PageRank

Application Description

PageRank is a key technique in web mining to rank the importance of web pages. In PageRank, each web page is assigned a numerical weight to begin with, and the algorithm tries to estimate the importance of the web page relative to other web pages in the hyperlinked set of pages. The key assumption is that more important web pages are likely to receive more links from other websites. More details about the problem and different solutions can be found in [1, 2].

[1] https://en.wikipedia.org/wiki/PageRank
[2] Whang et al. Scalable Data-driven PageRank: Algorithms, System Issues, and Lessons Learned. European Conference on Parallel Processing, 2015.

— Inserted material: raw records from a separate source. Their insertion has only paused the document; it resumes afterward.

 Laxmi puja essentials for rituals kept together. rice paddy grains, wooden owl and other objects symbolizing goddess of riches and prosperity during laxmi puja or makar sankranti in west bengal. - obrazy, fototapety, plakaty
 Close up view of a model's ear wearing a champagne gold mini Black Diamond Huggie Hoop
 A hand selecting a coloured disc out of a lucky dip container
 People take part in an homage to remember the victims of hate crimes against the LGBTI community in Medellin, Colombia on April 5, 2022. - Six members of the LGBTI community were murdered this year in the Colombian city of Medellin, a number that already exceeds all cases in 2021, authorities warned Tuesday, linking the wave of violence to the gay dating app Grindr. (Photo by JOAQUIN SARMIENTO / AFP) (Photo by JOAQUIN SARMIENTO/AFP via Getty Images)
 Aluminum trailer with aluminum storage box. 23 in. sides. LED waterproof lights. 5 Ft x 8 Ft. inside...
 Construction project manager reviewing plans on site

This benchmark computes the PageRank of the nodes for a given input graph using both a push-style and a pull-style residual-based algorithm. Both the algorithms take as input a graph, and some constant parameters that are used in the computation. The algorithmic parameters are the following:

ALPHA: ALPHA represents the damping factor, which is the probability that a web surfer will continue browsing by clicking on the linked pages. The damping factor is generally set to 0.85 in the literature.
TOLERANCE: It represents a bound on the error in the computation.
MAX_ITER: The number of iterations to repeat the PageRank computation.

The base implementation of the push and pull style PageRanks that are implemented as a distributed benchmark are both residual PageRank. More details on residual style PageRank can be found in the Lonestar webpage for PageRank. The implementation is bulk-synchronous parallel (BSP).

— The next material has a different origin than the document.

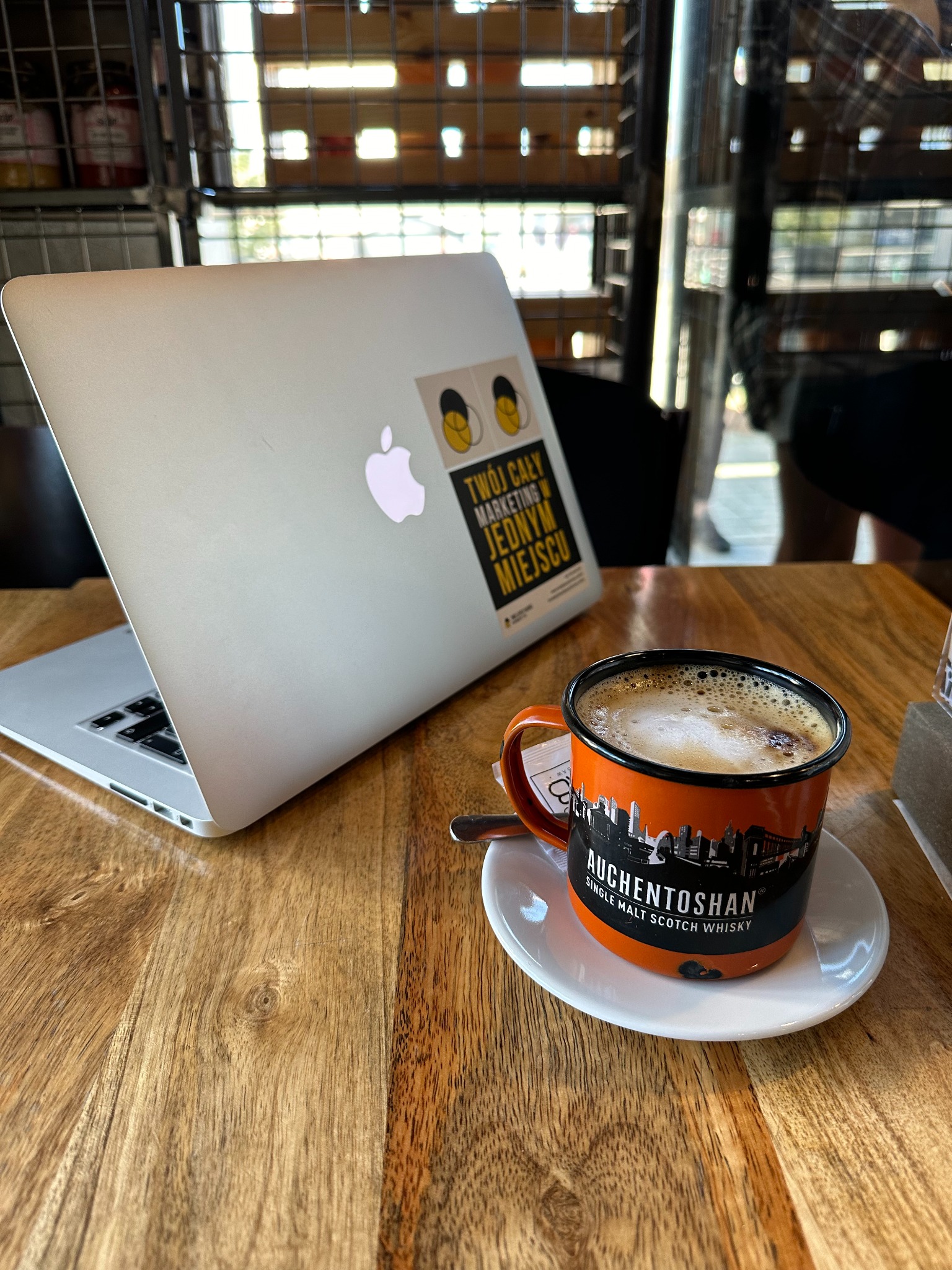 Laptop z naklejką marketingową i kubek kawy Auchentoshan na drewnianym stole, w tle metalowa konstrukcja. Praca zdalna w kawiarni.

Synchronization across machines is required for the residual variable on the nodes. This field is synchronized through a sum reduction. All proxies get the same value and adjust their ranks locally.

Performance

The graph below shows the strong scaling of pr-pull using both Bulk Synchronous Parallel (Gluon-Sync) and Bulk-Asynchronous Parallel (Gluon-Async) execution models which use a Gluon communication substrate. The experiments were conducted on Stampede Cluster (Stampede2), which is connected through Intel Omni-Path Architecture (peak bandwidth of 100Gbps). Each node has 2 Intel Xeon Platinum 8160 “Skylake” CPUs with 24 cores per CPU and 192GB DDR4 RAM. We use up to 128 CPU machines, each with 48 threads. We run on 4 graphs: clueweb12, uk14, wdc14, and wdc12. Most are real-world web-crawls: the web data commons hyperlink graph. wdc12, is the largest publicly available dataset. wdc14, clueweb12, and uk14 are all other large web-crawls.

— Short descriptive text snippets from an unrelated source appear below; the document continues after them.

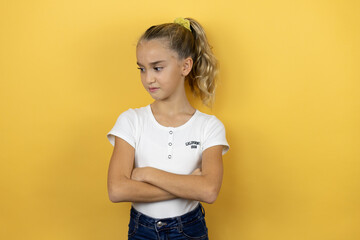 Young beautiful child girl standing over isolated yellow background thinking looking tired and bored with crossed arms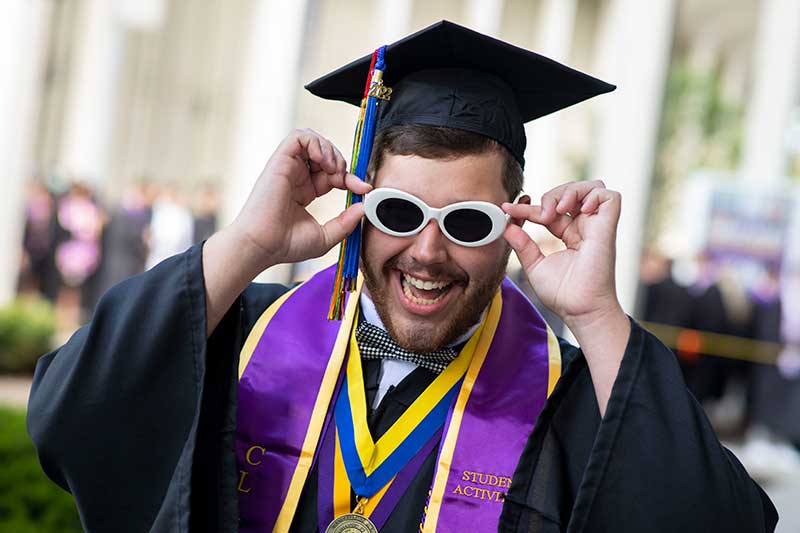 Christian Vitek putting on sunglasses at commencement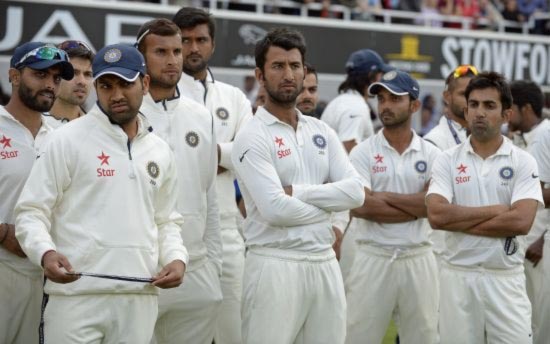 India's players wear a dejected look after the fifth Test in England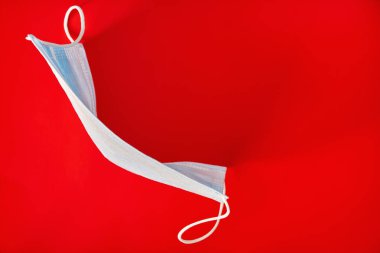 Covid-19 virüs enfeksiyonunu önlemek için maske, hijyen maskesi, kırmızı arka planda maske. Sağlık ve tıbbi konsept. Yakın çekim.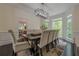 Formal dining room with large windows and a contemporary chandelier at 10610 Kingsmark Trl, Alpharetta, GA 30022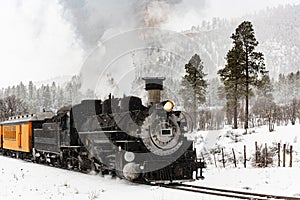 Vintage Steam Train Billowing Smoke in the Snow as it Moves Through the Mountains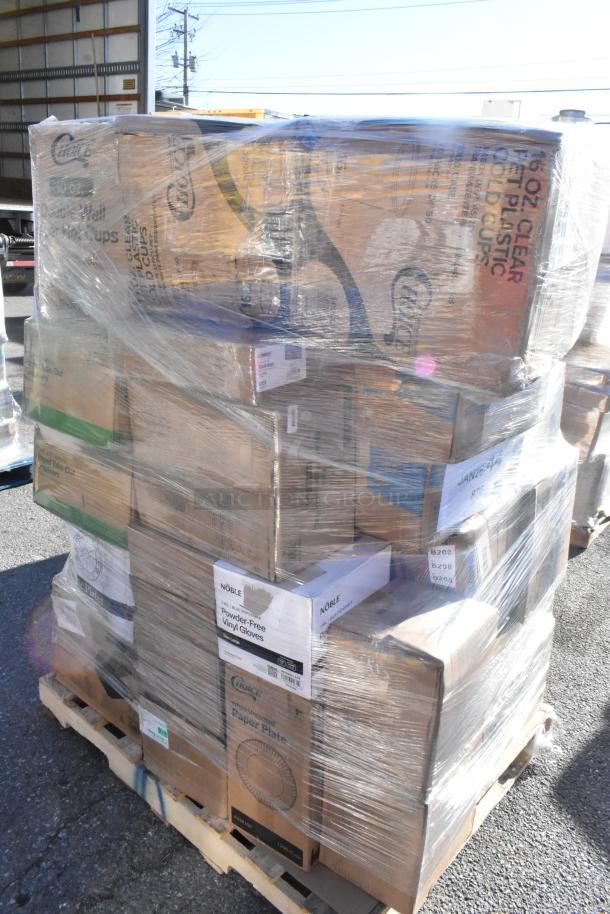 Pallet with 32 new scratch and dent boxes including portion cups, plates, shopping bags, forks, and gloves, wrapped in plastic.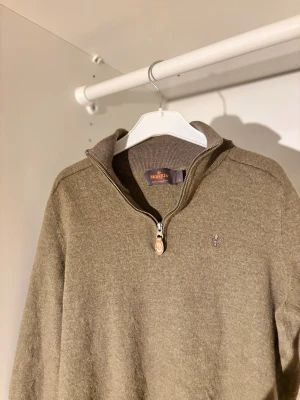 Olivgrön halvzip tröja Morris - Olivgrön stickad tröja från Morris med halvzip och hög krage. Tröjan har ribbade muddar vid ärmslut och nederkant samt en liten broderad logga på bröstet. Perfekt för lager på lager och snygg till jeans eller chinos. Storleken är small i barn storlek och den passar uppskattningsvis på 140-150cm lång och den har en liten defekt på sidan som i princip är osynlig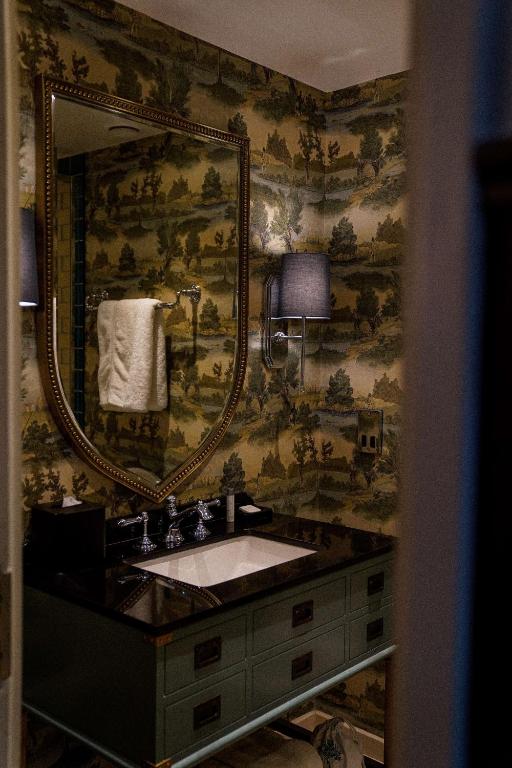 a bathroom with a sink and a large mirror at Graduate by Hilton Cambridge in Cambridge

Figure 1: Strong scaling of PR on Stampede2 (Skylake).

The graph below shows scaling on up to 64 Tesla P100 GPUs on the Bridges cluster at the Pittsbugh Supercomputing Center. The GPUs are on 32 machines connected with the Intel Omni-Path Architecture, and each machine has 2 Intel Broadwell E5-2683 v4 CPUs. friendster and twitter50 are social network graphs, and uk07 is a webcrawl. Lux is a 3rd-party distributed GPU framework we compare against.

Figure 2: Strong scaling of PR on Bridges (Tesla P100).